▶ Information shown
>>>
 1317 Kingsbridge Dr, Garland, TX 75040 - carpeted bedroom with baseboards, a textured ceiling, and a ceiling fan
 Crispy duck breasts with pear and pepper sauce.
<<<
>>>
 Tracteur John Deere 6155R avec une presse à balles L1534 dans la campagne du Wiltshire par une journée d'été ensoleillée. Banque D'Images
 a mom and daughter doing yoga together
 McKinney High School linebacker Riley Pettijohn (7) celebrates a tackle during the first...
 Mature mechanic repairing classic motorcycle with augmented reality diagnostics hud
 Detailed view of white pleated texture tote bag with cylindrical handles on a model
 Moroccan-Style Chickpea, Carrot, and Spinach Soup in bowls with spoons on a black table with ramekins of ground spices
<<<
>>>
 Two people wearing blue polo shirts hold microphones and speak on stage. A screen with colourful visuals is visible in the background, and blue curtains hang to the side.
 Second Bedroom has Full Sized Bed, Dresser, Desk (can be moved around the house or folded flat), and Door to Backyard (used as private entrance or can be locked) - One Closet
<<<
▶ Aim of the task
Could you transcribe the entries above word for word, from the line with "1317 Kingsbridge Dr, Garland, TX" down to the line with "Crispy duck breasts", keeping both?

▶ Answer area
 1317 Kingsbridge Dr, Garland, TX 75040 - carpeted bedroom with baseboards, a textured ceiling, and a ceiling fan
 Crispy duck breasts with pear and pepper sauce.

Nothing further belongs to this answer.